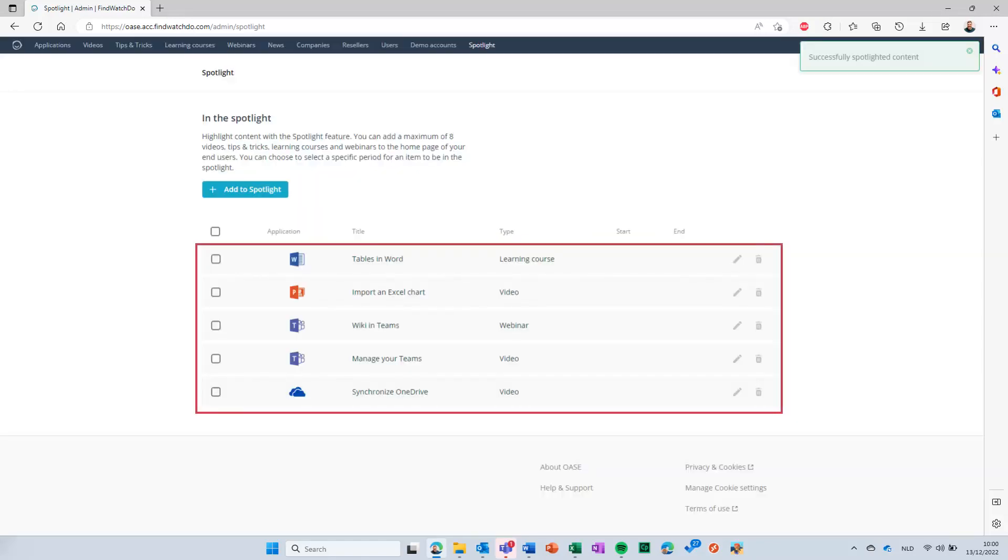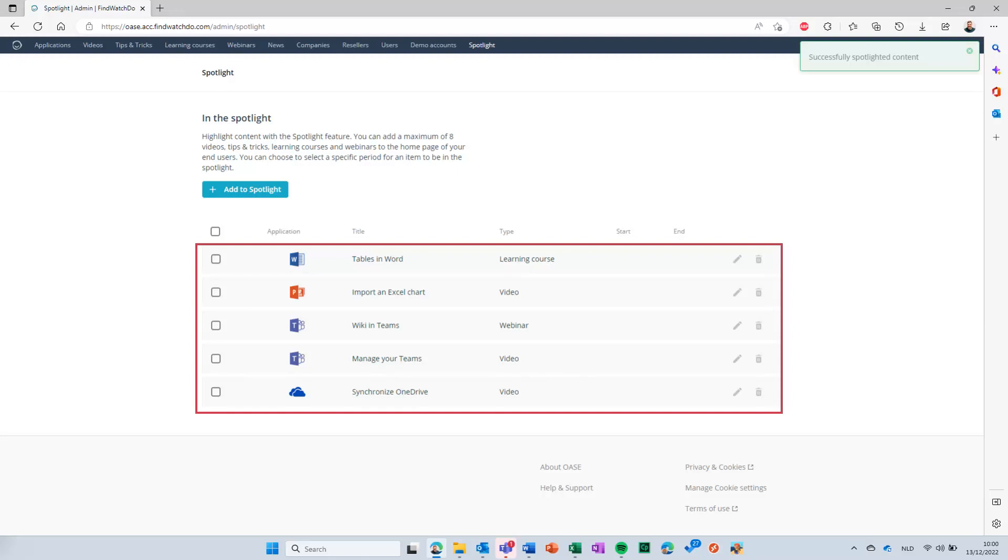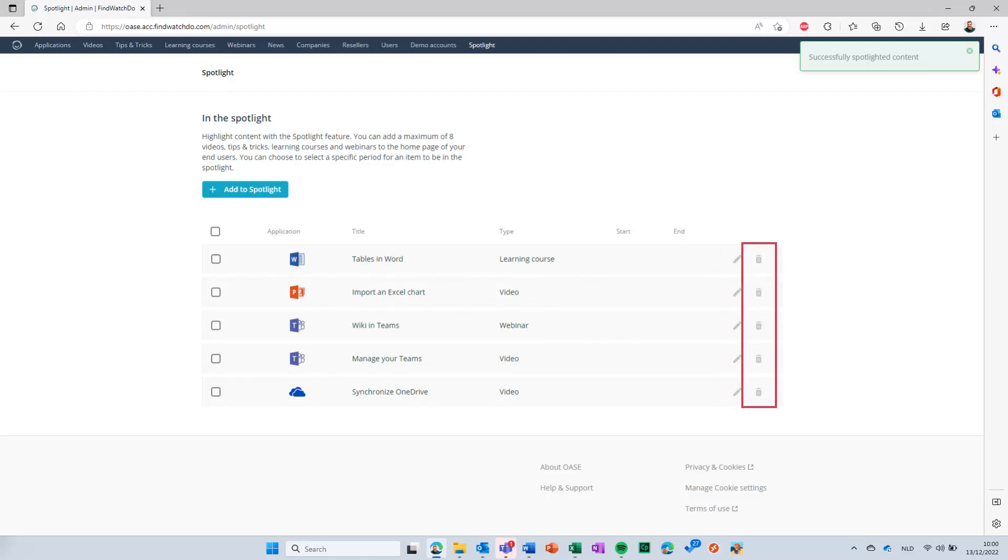You can add a maximum of 8 items to the list. If you need to change something, you can click on the pencil icon next to the item. You can also delete the item with the Recycle Bin icon.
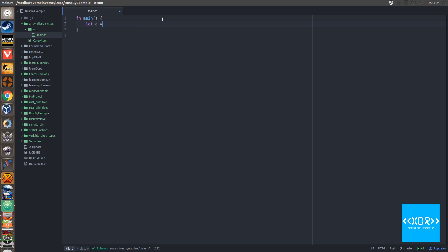So we'll say let a is equal to, except we'll just use our own numbers. We'll say 52, 101, I don't know, 27, 36, and we'll do one more. We'll say 99. Cool. So we'll just save that.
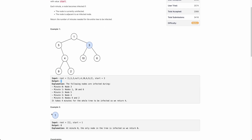Similarly, for this example, node 1 is infected initially and there is only one node in the tree. So the entire tree is already infected and it requires zero minutes for the entire tree to be infected.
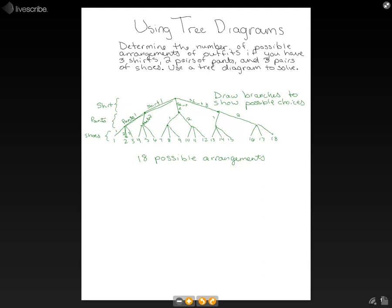You can also look at this mathematically. Now that we've finished this, it's a little easier to see. We had three divisions to start with. And then each of those branched into two. So if we multiply that, three times two gave us six options.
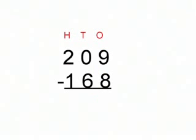Our next sum is 209 minus 168. First we look at the ones column, 9 minus 8. That equals 1.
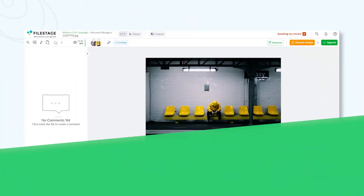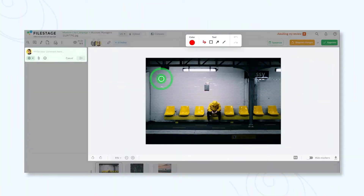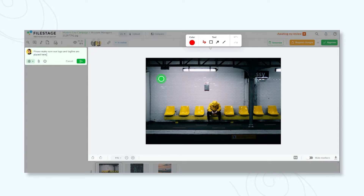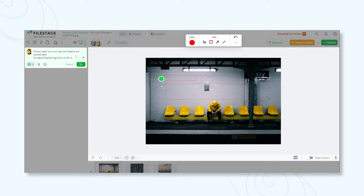In our platform, your reviewers can share their feedback in a clear and easy way. Here's how. In-context comments: tap anywhere on the file to leave a comment in real time. Annotations: draw on videos, images, and documents to bring comments to life. Attachments: attach files to your comments to share references, company logos, and anything else your team may need.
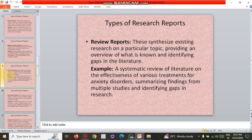The next type is review reports. These synthesize existing research on a particular topic, providing an overview of what is known and identifying gaps in the literature. For example, a systematic review of literature on the effectiveness of various treatments for infective disorders, summarizing findings from multiple studies and identifying gaps in research.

+-------+

Please output every entry above exactly, without the pictures.

You can add a maximum of 8 items to the list. If you need to change something, you can click on the pencil icon next to the item. You can also delete the item with the Recycle Bin icon.
So we'll say let a is equal to, except we'll just use our own numbers. We'll say 52, 101, I don't know, 27, 36, and we'll do one more. We'll say 99. Cool. So we'll just save that.
Similarly, for this example, node 1 is infected initially and there is only one node in the tree. So the entire tree is already infected and it requires zero minutes for the entire tree to be infected.
You can also look at this mathematically. Now that we've finished this, it's a little easier to see. We had three divisions to start with. And then each of those branched into two. So if we multiply that, three times two gave us six options.
Our next sum is 209 minus 168. First we look at the ones column, 9 minus 8. That equals 1.
In our platform, your reviewers can share their feedback in a clear and easy way. Here's how. In-context comments: tap anywhere on the file to leave a comment in real time. Annotations: draw on videos, images, and documents to bring comments to life. Attachments: attach files to your comments to share references, company logos, and anything else your team may need.
The next type is review reports. These synthesize existing research on a particular topic, providing an overview of what is known and identifying gaps in the literature. For example, a systematic review of literature on the effectiveness of various treatments for infective disorders, summarizing findings from multiple studies and identifying gaps in research.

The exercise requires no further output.